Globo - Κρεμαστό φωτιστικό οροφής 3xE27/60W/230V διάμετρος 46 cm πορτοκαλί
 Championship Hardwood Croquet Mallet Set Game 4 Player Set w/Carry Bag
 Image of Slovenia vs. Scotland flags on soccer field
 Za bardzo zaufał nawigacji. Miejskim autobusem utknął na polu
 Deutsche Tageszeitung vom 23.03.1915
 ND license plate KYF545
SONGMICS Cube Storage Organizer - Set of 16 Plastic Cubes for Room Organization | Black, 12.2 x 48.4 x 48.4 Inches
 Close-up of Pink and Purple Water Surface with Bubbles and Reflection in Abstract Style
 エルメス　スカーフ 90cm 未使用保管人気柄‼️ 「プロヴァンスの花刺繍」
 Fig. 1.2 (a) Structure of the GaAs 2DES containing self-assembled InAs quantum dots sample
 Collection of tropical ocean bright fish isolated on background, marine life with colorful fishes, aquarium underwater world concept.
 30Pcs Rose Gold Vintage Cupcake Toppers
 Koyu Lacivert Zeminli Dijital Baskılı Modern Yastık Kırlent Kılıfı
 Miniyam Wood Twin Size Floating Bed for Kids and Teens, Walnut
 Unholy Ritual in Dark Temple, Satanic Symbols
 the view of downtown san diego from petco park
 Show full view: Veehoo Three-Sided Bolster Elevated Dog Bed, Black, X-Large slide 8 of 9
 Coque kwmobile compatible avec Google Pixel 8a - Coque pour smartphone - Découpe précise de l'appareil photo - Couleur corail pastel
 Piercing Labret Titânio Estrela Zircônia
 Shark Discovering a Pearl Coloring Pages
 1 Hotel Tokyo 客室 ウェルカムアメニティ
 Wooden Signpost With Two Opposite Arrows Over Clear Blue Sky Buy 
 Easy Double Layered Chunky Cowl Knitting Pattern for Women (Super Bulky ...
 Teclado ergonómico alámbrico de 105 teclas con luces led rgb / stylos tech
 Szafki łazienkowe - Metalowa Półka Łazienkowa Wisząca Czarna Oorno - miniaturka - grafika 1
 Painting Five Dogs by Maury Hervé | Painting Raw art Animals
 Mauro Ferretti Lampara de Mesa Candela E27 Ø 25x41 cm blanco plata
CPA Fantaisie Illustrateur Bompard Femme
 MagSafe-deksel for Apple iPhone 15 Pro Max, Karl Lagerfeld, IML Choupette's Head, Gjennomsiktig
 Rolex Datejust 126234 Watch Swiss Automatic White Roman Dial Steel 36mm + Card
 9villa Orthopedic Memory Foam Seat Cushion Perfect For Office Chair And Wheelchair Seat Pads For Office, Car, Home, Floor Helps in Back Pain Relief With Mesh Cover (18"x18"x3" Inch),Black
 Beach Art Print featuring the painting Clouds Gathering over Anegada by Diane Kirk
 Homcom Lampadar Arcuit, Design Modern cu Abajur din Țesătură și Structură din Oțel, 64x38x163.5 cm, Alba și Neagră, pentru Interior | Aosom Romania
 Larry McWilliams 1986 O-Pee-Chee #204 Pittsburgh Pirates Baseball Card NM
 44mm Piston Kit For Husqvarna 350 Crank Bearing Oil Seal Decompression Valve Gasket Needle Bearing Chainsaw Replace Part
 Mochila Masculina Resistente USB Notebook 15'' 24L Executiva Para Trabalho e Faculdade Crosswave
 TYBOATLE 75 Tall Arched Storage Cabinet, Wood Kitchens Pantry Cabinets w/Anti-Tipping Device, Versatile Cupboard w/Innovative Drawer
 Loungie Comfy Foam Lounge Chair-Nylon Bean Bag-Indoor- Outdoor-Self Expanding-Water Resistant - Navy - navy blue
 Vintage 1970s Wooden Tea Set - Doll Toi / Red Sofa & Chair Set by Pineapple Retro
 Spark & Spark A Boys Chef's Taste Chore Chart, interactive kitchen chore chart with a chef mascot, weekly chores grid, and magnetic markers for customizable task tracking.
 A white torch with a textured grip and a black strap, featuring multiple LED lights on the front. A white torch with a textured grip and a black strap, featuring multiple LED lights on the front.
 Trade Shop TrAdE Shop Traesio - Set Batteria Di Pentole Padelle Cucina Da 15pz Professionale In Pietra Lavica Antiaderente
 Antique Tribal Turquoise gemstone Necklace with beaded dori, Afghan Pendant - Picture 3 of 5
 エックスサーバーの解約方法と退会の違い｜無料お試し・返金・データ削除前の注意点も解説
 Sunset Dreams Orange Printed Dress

• Your assignment: Would you reproduce the whole listing above, word for word?

• Reply to the exercise:
Globo - Κρεμαστό φωτιστικό οροφής 3xE27/60W/230V διάμετρος 46 cm πορτοκαλί
 Championship Hardwood Croquet Mallet Set Game 4 Player Set w/Carry Bag
 Image of Slovenia vs. Scotland flags on soccer field
 Za bardzo zaufał nawigacji. Miejskim autobusem utknął na polu
 Deutsche Tageszeitung vom 23.03.1915
 ND license plate KYF545
SONGMICS Cube Storage Organizer - Set of 16 Plastic Cubes for Room Organization | Black, 12.2 x 48.4 x 48.4 Inches
 Close-up of Pink and Purple Water Surface with Bubbles and Reflection in Abstract Style
 エルメス　スカーフ 90cm 未使用保管人気柄‼️ 「プロヴァンスの花刺繍」
 Fig. 1.2 (a) Structure of the GaAs 2DES containing self-assembled InAs quantum dots sample
 Collection of tropical ocean bright fish isolated on background, marine life with colorful fishes, aquarium underwater world concept.
 30Pcs Rose Gold Vintage Cupcake Toppers
 Koyu Lacivert Zeminli Dijital Baskılı Modern Yastık Kırlent Kılıfı
 Miniyam Wood Twin Size Floating Bed for Kids and Teens, Walnut
 Unholy Ritual in Dark Temple, Satanic Symbols
 the view of downtown san diego from petco park
 Show full view: Veehoo Three-Sided Bolster Elevated Dog Bed, Black, X-Large slide 8 of 9
 Coque kwmobile compatible avec Google Pixel 8a - Coque pour smartphone - Découpe précise de l'appareil photo - Couleur corail pastel
 Piercing Labret Titânio Estrela Zircônia
 Shark Discovering a Pearl Coloring Pages
 1 Hotel Tokyo 客室 ウェルカムアメニティ
 Wooden Signpost With Two Opposite Arrows Over Clear Blue Sky Buy 
 Easy Double Layered Chunky Cowl Knitting Pattern for Women (Super Bulky ...
 Teclado ergonómico alámbrico de 105 teclas con luces led rgb / stylos tech
 Szafki łazienkowe - Metalowa Półka Łazienkowa Wisząca Czarna Oorno - miniaturka - grafika 1
 Painting Five Dogs by Maury Hervé | Painting Raw art Animals
 Mauro Ferretti Lampara de Mesa Candela E27 Ø 25x41 cm blanco plata
CPA Fantaisie Illustrateur Bompard Femme
 MagSafe-deksel for Apple iPhone 15 Pro Max, Karl Lagerfeld, IML Choupette's Head, Gjennomsiktig
 Rolex Datejust 126234 Watch Swiss Automatic White Roman Dial Steel 36mm + Card
 9villa Orthopedic Memory Foam Seat Cushion Perfect For Office Chair And Wheelchair Seat Pads For Office, Car, Home, Floor Helps in Back Pain Relief With Mesh Cover (18"x18"x3" Inch),Black
 Beach Art Print featuring the painting Clouds Gathering over Anegada by Diane Kirk
 Homcom Lampadar Arcuit, Design Modern cu Abajur din Țesătură și Structură din Oțel, 64x38x163.5 cm, Alba și Neagră, pentru Interior | Aosom Romania
 Larry McWilliams 1986 O-Pee-Chee #204 Pittsburgh Pirates Baseball Card NM
 44mm Piston Kit For Husqvarna 350 Crank Bearing Oil Seal Decompression Valve Gasket Needle Bearing Chainsaw Replace Part
 Mochila Masculina Resistente USB Notebook 15'' 24L Executiva Para Trabalho e Faculdade Crosswave
 TYBOATLE 75 Tall Arched Storage Cabinet, Wood Kitchens Pantry Cabinets w/Anti-Tipping Device, Versatile Cupboard w/Innovative Drawer
 Loungie Comfy Foam Lounge Chair-Nylon Bean Bag-Indoor- Outdoor-Self Expanding-Water Resistant - Navy - navy blue
 Vintage 1970s Wooden Tea Set - Doll Toi / Red Sofa & Chair Set by Pineapple Retro
 Spark & Spark A Boys Chef's Taste Chore Chart, interactive kitchen chore chart with a chef mascot, weekly chores grid, and magnetic markers for customizable task tracking.
 A white torch with a textured grip and a black strap, featuring multiple LED lights on the front. A white torch with a textured grip and a black strap, featuring multiple LED lights on the front.
 Trade Shop TrAdE Shop Traesio - Set Batteria Di Pentole Padelle Cucina Da 15pz Professionale In Pietra Lavica Antiaderente
 Antique Tribal Turquoise gemstone Necklace with beaded dori, Afghan Pendant - Picture 3 of 5
 エックスサーバーの解約方法と退会の違い｜無料お試し・返金・データ削除前の注意点も解説
 Sunset Dreams Orange Printed Dress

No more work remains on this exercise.